In 2009, President Barack Obamasigned the Lilly Ledbetter Fair Pay Act, which amends the Civil Rights Act of 1964 to allow women who are paid less than their male coworkers for equal work more time to file a lawsuit — a benefit of limited usefulness, since, without pay transparency, women are unlikely to find out they’re being discriminated against in the first place (Ledbetter only learned she was being underpaid from an anonymous tip).
It’s true that women are covered by the Civil Rights Act of 1964, thanks in large part to Democratic congresswoman Martha Griffiths, who advocated for sex to be included as a protected class, along with race, color, religion and national origin.
But women were an afterthought, and legislators’ motives for supporting their inclusion were mixed. A key ally of Griffiths’ was Howard W. Smith, a pro-segregation, anti-labor Democratic congressman from Virginia. Smith shared Eleanor Roosevelt’s belief that writing gender equality into law would weaken or destroy certain labor protections; unlike Roosevelt, he didn’t see that as a bad thing. According to the New Yorker, “Virginia textile mills employed large numbers of women, and Smith was interested in any legislation that might benefit mill owners.”

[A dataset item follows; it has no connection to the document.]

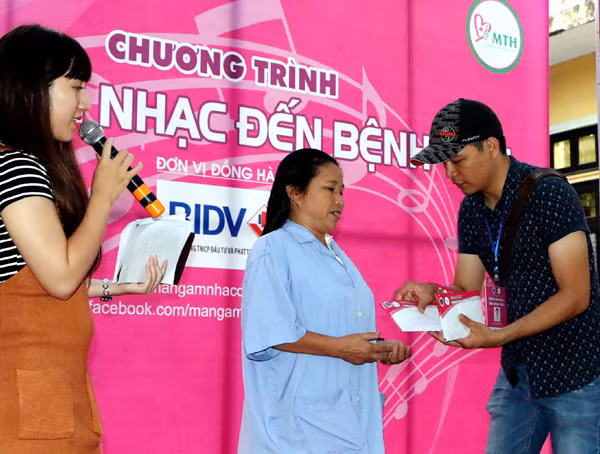 Quán quân Sao Mai 2015 Thu Hằng: Nụ cười của khán giả là cát-xê lớn nhất ảnh 14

As Smith and his mill-owning cronies had hoped, a federal district court ruled in 1968 that sex-specific state labor protection laws were unconstitutional under Title VII of the Civil Rights Act of 1964. (Happily for American workers, if not for Smith, most labor laws remained intact; they were simply rewritten to apply to both sexes.)
The ERA sets a stronger legal standard to protect women
As Scalia noted, women are not explicitly guaranteed equal protection under the Constitution. Maybe that doesn’t sound like a big deal, after all, women have made significant strides and can use existing laws to protect themselves against things like workplace discrimination. But, by officially enshrining Rexroat’s rights in the Constitution and raising the standard of review applied to cases like hers, it would radically improve women’s chances of receiving equal pay for equal work. It would also provide them with a higher standard of protection from gender-based violence and make it harder to deny them access to health care, reproductive or otherwise, and accommodations during pregnancy.
Anti-discrimination laws are often toothless to begin with, weakened by hostile court rulings, or selectively enforced. They can also be repealed, as we’ve seen the GOP attempt to do with the Affordable Care Act. Under the Trump administration, civil rights laws are especially vulnerable. A constitutional amendment would be much harder to dilute or reverse — and there is fresh momentum behind it, thanks to a women’s movement reignited by our groper-in-chief.
Our contemporary understanding of equality is broader than it was when the amendment was first conceived. Women still want equal pay for equal work and equal access to higher-paying jobs. But we also want support for working mothers, including paid maternity and family leave and state-subsidized child care; equality for single, lesbian and queer women and families that don’t include men; the right to control our bodies; and freedom from gender-based violence.
“If I could choose an amendment to add to the Constitution, it would be the Equal Rights Amendment,” Justice Ruth Bader Ginsburg said in 2014. “I would like my granddaughters, when they pick up the Constitution, to see that notion – that women and men are persons of equal stature – I’d like them to see that is a basic principle of our society.”
The ERA could have secured economic justice for Tracy Rexroat. It could pave the way for all women to enjoy the same rights as the men who wrote the Constitution. And it has the full-throated support of the Notorious RBG. What more are we waiting for?